There are many wonderful and positive actions which have come from social media.
The amazing crowd-funding activities for example, one of the best of them being when beautician Katie Cutler helped to raise almost £300,000 for disabled Alan Barnes after he was mugged.
It was truly inspirational and something which could not have happened without the power of Facebook, Twitter and the rest.
Most of us use social media and the internet every day, if not at work, then to keep up with what our friends are doing....without having to actually speak to them.
And it is this anonymity which appears to be leading some of us down a dark road.
Read the heartbreaking story of the mother whose daughter threatened to leap to her death from the top of a multi-storey car park and you can’t help but wonder where all this will end.
This loving mum had to listen while members of the public around her at the scene urged her daughter to jump after she raced to the scene to try to persuade her to come down safely.
She is right when she says she has ‘seen the worst of humanity.’

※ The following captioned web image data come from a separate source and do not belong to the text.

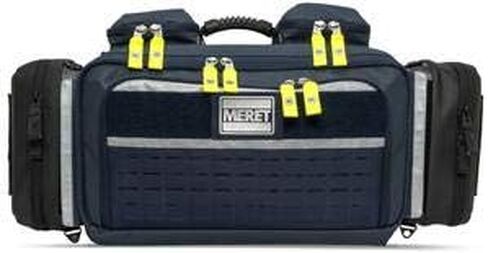 ميريت أومني™ برو إكس (أسود تكتيكي) in Kuwait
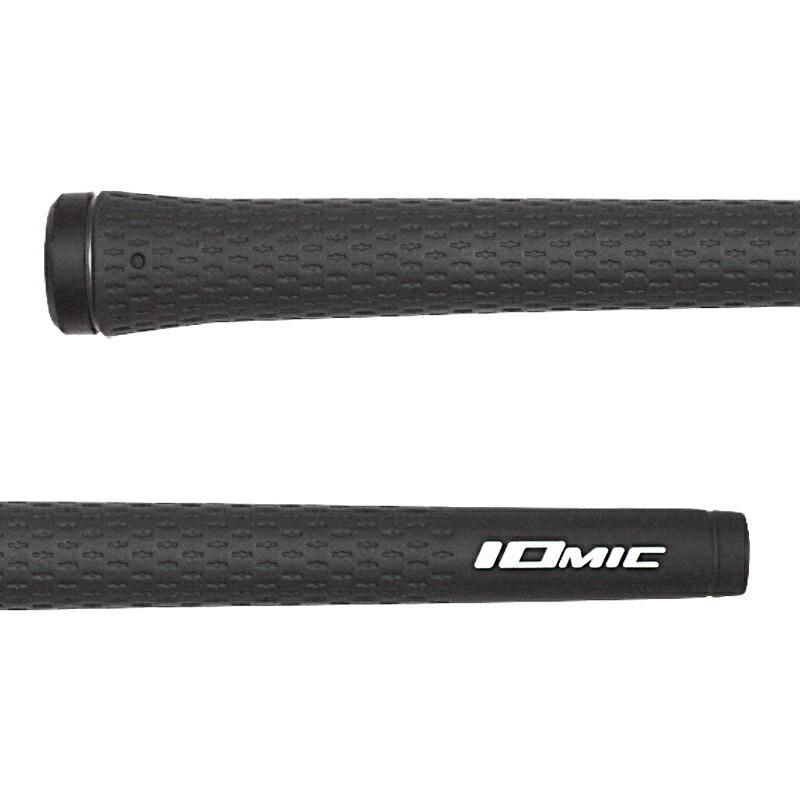 IOMIC（イオミック） 【取寄】イオミック グリップ スティッキー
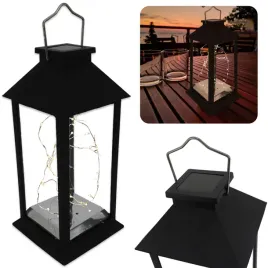 lampion-led-solarna-latarnia-30-cm-swieta-latarenka-dekoracyjna-na-zewnatrz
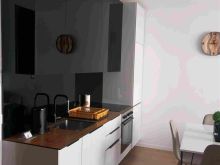 Banesa me qera vetem afat te shkurt  049 500 773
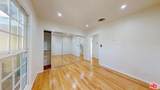 19022 Sylvan St - Photo 21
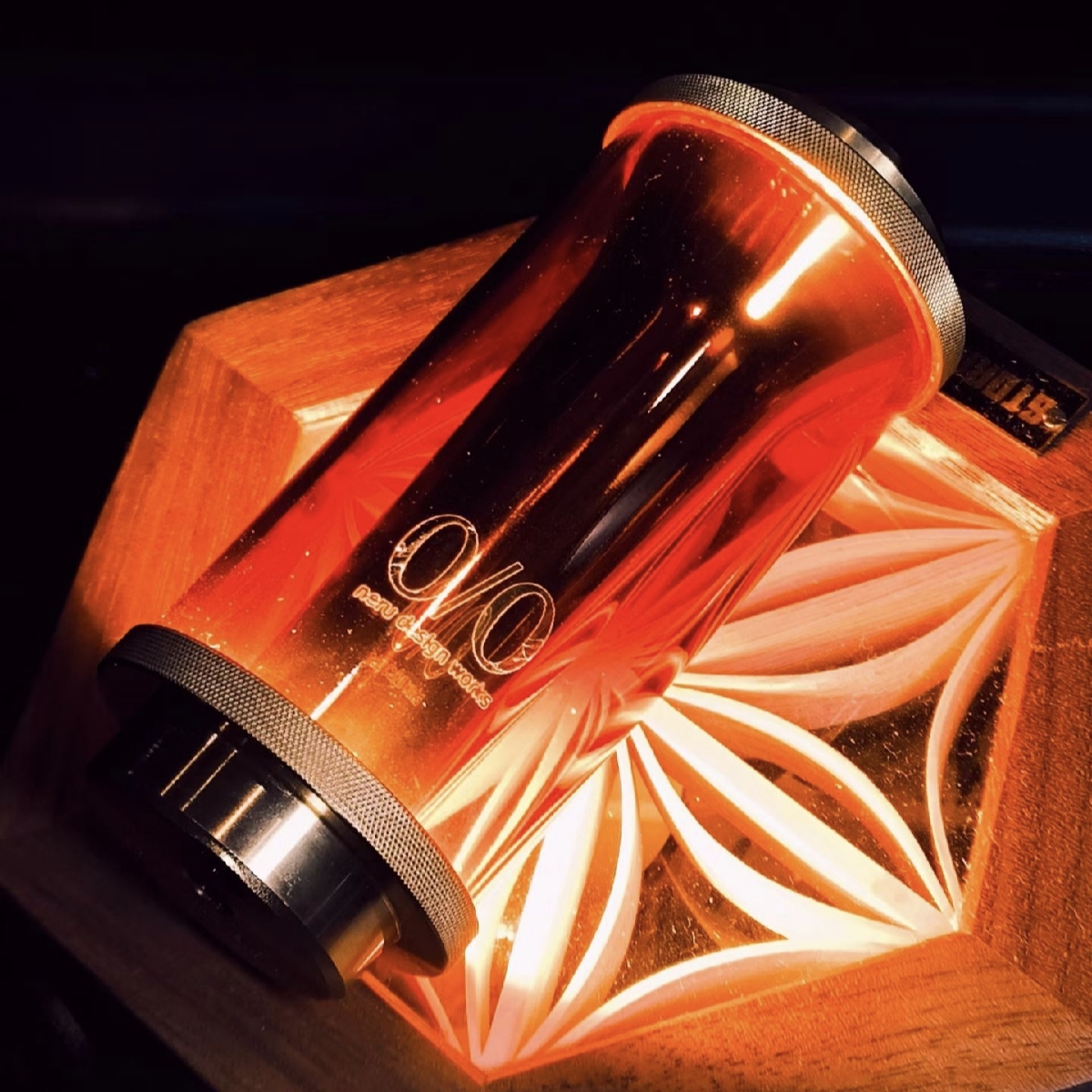 Outdoor Bronze Lampshade Glass - Outdoor Lighting Bronze incelemesi ve fiyatı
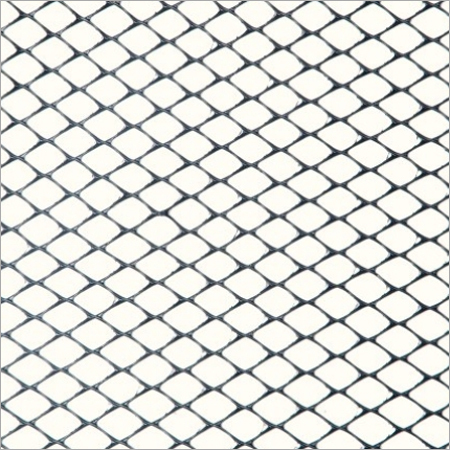 Plaster Reinforcement Net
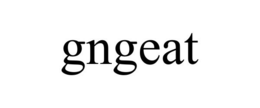 GNGEAT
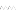 Favicon van marjetwullink.nl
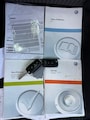 Volkswagen Polo 1.4-16V Comfortline 5DRS AUT NAVI AIRCO APK 1-2027 RIJDT GOED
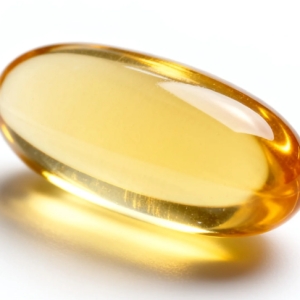 第4代vTG构型鱼油，或将重塑全球鱼油市场格局，成为未来主流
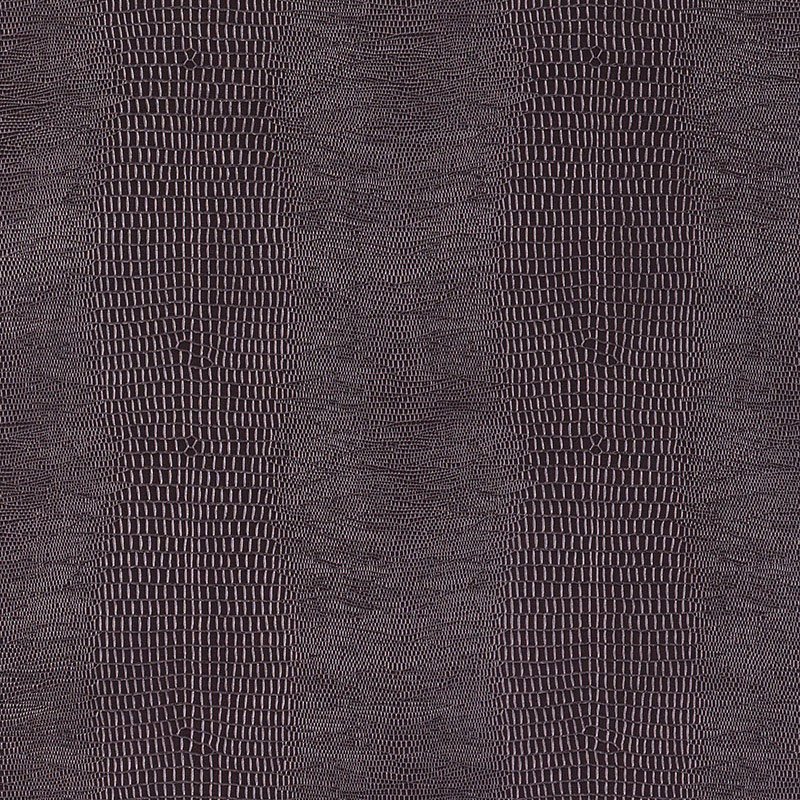 5007343.jpg Komodo SEPIA Wallpaper by Schumacher - Image 1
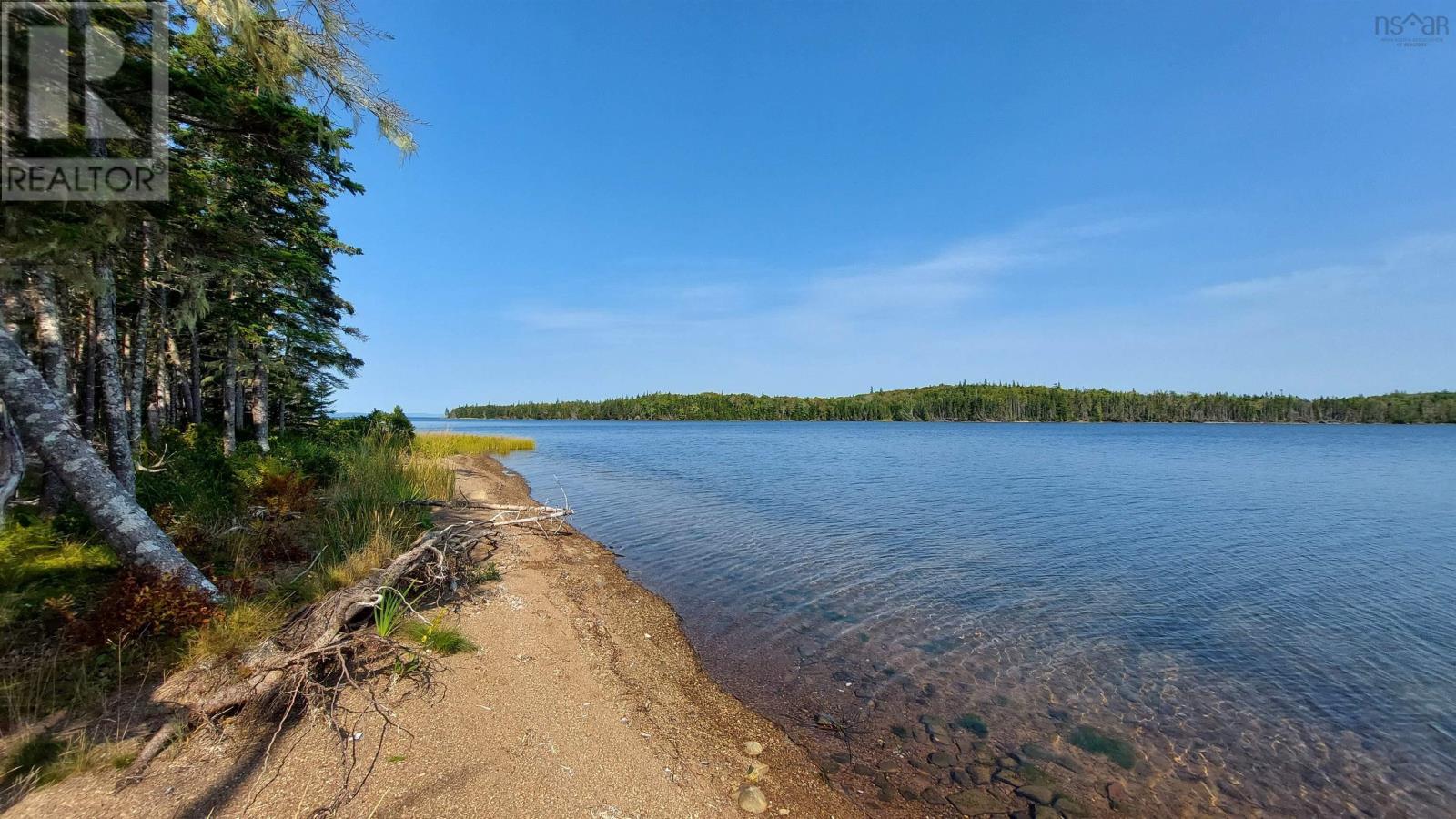 Lot 25 Pia Kaestner Lane, Hay Cove, Nova Scotia  B0E 3B0 - Photo 11 - 202500455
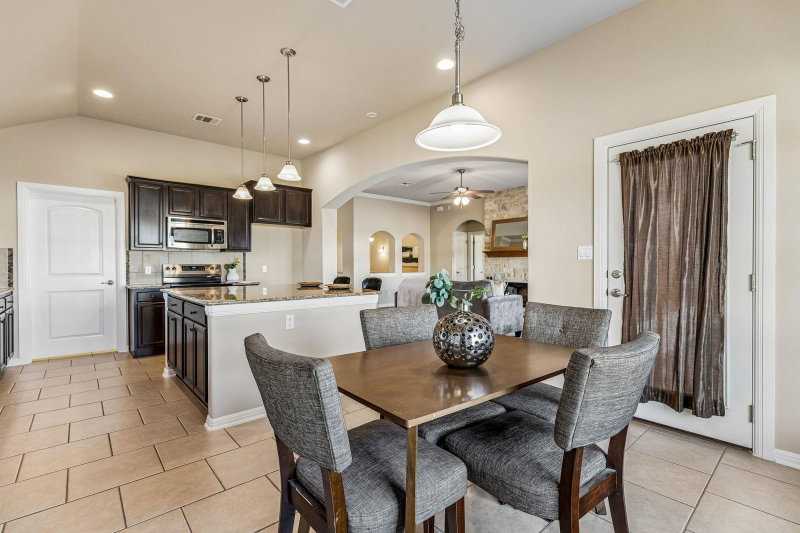 Property photo 17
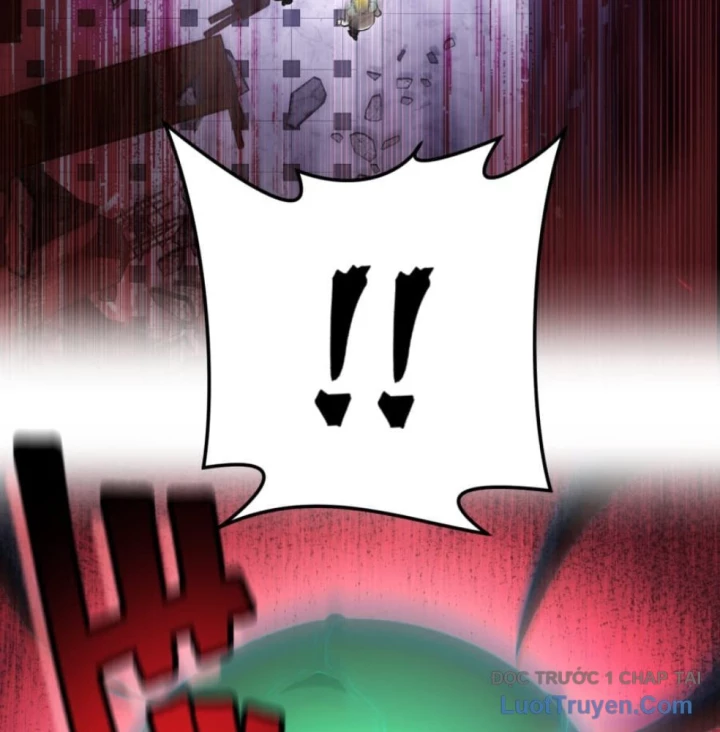 Mình Tao Là Siêu Việt Giả Mạnh Nhất! Chapter 74 - 94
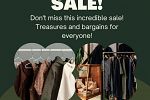 Sale Photo Thumbnail #1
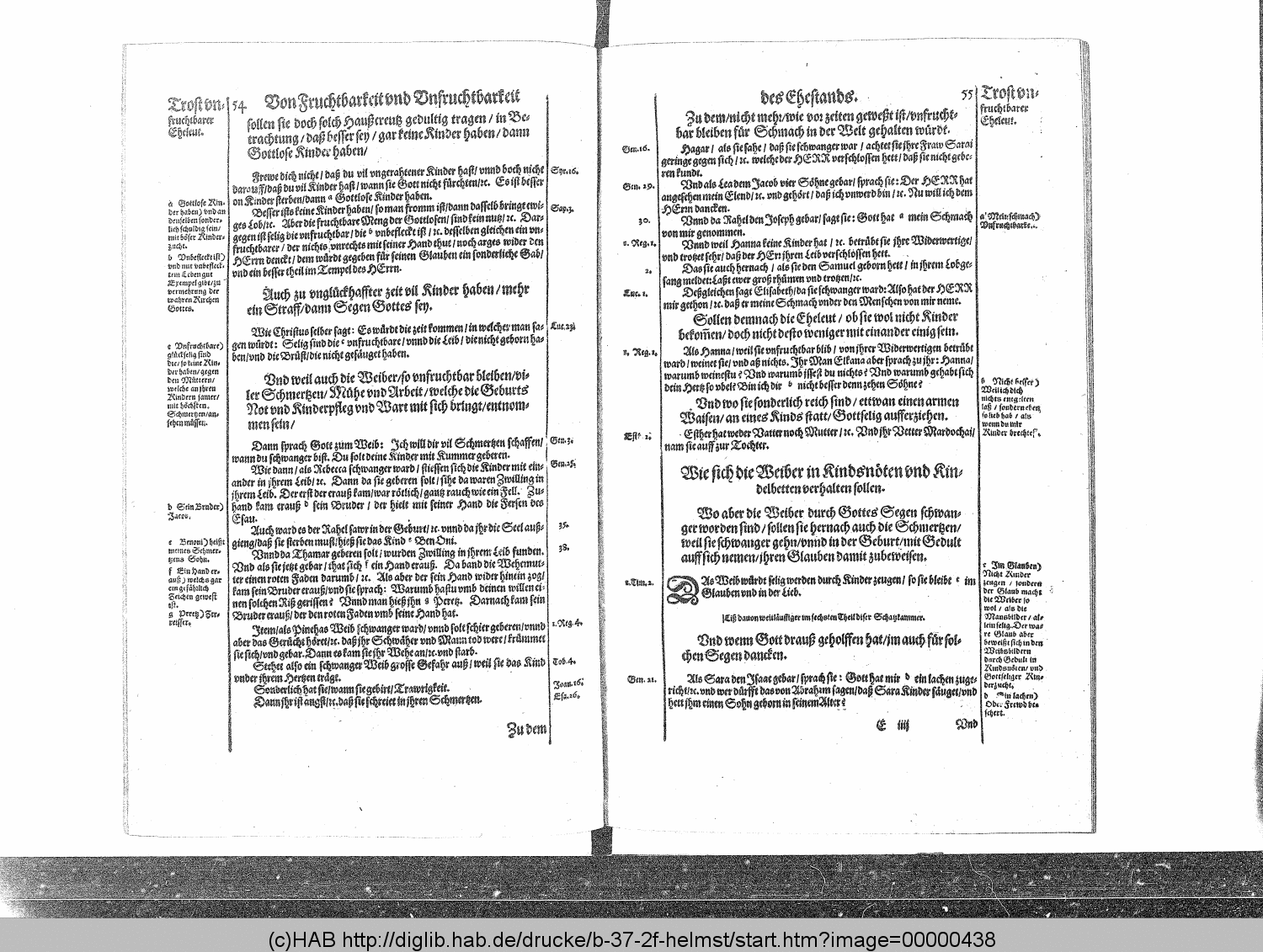 http://diglib.hab.de/drucke/b-37-2f-helmst/00000438.gif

Social media played its part and here at The Gazette we were not blameless in this. We ran the breaking story on our website and then put a link onto our Facebook page. We later removed the link after realising that the shouts to jump were being amplified online.
The young woman at the heart of this tale of our times is clearly unwell. But instead of showing her sympathy at her most vulnerable moment, some posters chose to treat it as entertainment.
Perhaps we are so used to shock tactics on all our screens - TV, tablets and mobile - that we no longer consider the human price people are paying for our ‘enjoyment’.
Social media is a wonderful way of keeping in touch and up to date. But we are in danger of becoming savage in our pursuit of ‘likes’ and retweets.
Perhaps we all need to think a little more before we rush to comment on everything.